Python is a high-level programming language and as such doesn’t have the same precise control of memory as low-level programs such as C. Despite this mindful Pythonistas can still be aware of the memory consumption of their programs and strive toward writing memory efficient code.

There are different motivations for reducing memory usage from processing data on a low powered laptop to reducing web server production costs. Almost all of these reasons start with looking at how your current program uses memory.

sys.getsizeof()

Let’s start with a simple function, getsizeof in the sys module. This function returns the size of an object in bytes. Here we can see the string “Python” consumes 55 bytes of memory.

from sys import getsizeof
>>> getsizeof("Python")
55

Getsizeof has limited functionality because it only returns the direct memory consumption of an object. This means Python container objects, including dicts, lists, tuples, and sets, as well as classes won’t return their full memory consumption footprint with getsizeof.

tracemalloc

The tracemalloc module is a debug tool used to trace memory blocks allocation. It can easily be incorporated into scripts to find the largest memory hogs.

Here is a simple test script, floats.py

from random import random 

floats = [random() for _ in range(10000000)]

def main():
    print(floats[:3])

main()

This script simply generates a list of 10 million random floats and prints out the first three.

$ python floats.py 
[0.9937146951190611, 0.9803072888538571, 0.6177404904978063]

Now let’s add tracemalloc to our floats.py script and see what lines consume the most memory.

import tracemalloc
tracemalloc.start()
from random import random 

floats = [random() for _ in range(10000000)]
snapshot = tracemalloc.take_snapshot()
top_stats = snapshot.statistics("lineno")

def main():
    # print(floats[:3])
    print("[ Top Ten ]")
    for stat in top_stats[:10]:
        print(stat)

main()

First we import tracemalloc from the Standard Library. Then we start the trace with tracemalloc.start(), take a snapshot with tracemalloc.take_snapshot()., and calculate the statistics with snapshot.statistics(“lineno”) Finally we print the top ten largest memory consumers.
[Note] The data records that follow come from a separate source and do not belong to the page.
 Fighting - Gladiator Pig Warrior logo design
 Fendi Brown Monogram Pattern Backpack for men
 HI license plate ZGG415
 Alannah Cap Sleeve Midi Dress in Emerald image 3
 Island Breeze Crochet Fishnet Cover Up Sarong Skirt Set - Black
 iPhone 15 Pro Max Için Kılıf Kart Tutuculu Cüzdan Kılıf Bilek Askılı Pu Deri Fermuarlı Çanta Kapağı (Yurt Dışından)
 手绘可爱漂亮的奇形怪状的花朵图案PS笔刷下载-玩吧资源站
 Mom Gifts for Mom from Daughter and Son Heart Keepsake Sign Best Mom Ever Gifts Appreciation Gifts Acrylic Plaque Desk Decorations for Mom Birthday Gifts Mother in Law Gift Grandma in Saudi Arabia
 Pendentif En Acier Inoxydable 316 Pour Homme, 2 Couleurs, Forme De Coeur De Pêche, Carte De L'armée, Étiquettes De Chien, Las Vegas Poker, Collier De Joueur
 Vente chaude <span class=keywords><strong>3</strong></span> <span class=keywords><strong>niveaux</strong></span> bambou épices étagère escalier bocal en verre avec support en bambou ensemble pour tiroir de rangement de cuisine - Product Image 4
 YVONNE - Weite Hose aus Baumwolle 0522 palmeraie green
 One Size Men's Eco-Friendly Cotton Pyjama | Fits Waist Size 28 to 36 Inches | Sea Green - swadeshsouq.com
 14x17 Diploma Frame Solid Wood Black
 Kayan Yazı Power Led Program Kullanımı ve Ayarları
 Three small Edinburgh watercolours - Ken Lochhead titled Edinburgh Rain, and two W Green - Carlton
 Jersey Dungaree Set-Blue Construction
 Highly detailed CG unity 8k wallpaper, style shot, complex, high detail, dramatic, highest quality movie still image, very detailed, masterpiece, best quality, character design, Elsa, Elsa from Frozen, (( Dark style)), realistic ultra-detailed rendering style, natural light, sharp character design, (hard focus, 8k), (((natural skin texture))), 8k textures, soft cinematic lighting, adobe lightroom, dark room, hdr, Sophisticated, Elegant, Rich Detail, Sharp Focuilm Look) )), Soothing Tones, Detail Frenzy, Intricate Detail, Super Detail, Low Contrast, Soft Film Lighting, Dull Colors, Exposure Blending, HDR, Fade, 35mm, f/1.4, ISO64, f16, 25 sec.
Alright now let’s run our altered script.

$ python floats.py 
[ Top Ten ]
/home/pete/floats.py:5: size=314 MiB, count=10000000, average=33 B
<frozen importlib._bootstrap_external>:587: size=40.2 KiB, count=444, average=93 B
<frozen importlib._bootstrap>:228: size=16.3 KiB, count=184, average=91 B
/usr/lib64/python3.9/random.py:101: size=3092 B, count=13, average=238 B
/usr/lib64/python3.9/random.py:815: size=2552 B, count=1, average=2552 B
/usr/lib64/python3.9/random.py:820: size=2272 B, count=2, average=1136 B
/usr/lib64/python3.9/random.py:771: size=2119 B, count=11, average=193 B
<frozen importlib._bootstrap_external>:64: size=841 B, count=8, average=105 B
<frozen importlib._bootstrap>:353: size=800 B, count=11, average=73 B
<frozen importlib._bootstrap>:1007: size=648 B, count=3, average=216 B

Here we can see the code executed on line 5 consumed 314 MiB of memory. This line was where we defined the floats list consisting of 10 million floats. Now this was a simplistic example, but it shows how simple it is to debug the memory usage in Python scripts.

Now you should have a few tools on how to take a look at how Python scripts consume memory. This is a first step in writing better and more efficient code as we can now dissect how the specific algorithms and functions we use directly affect memory usage.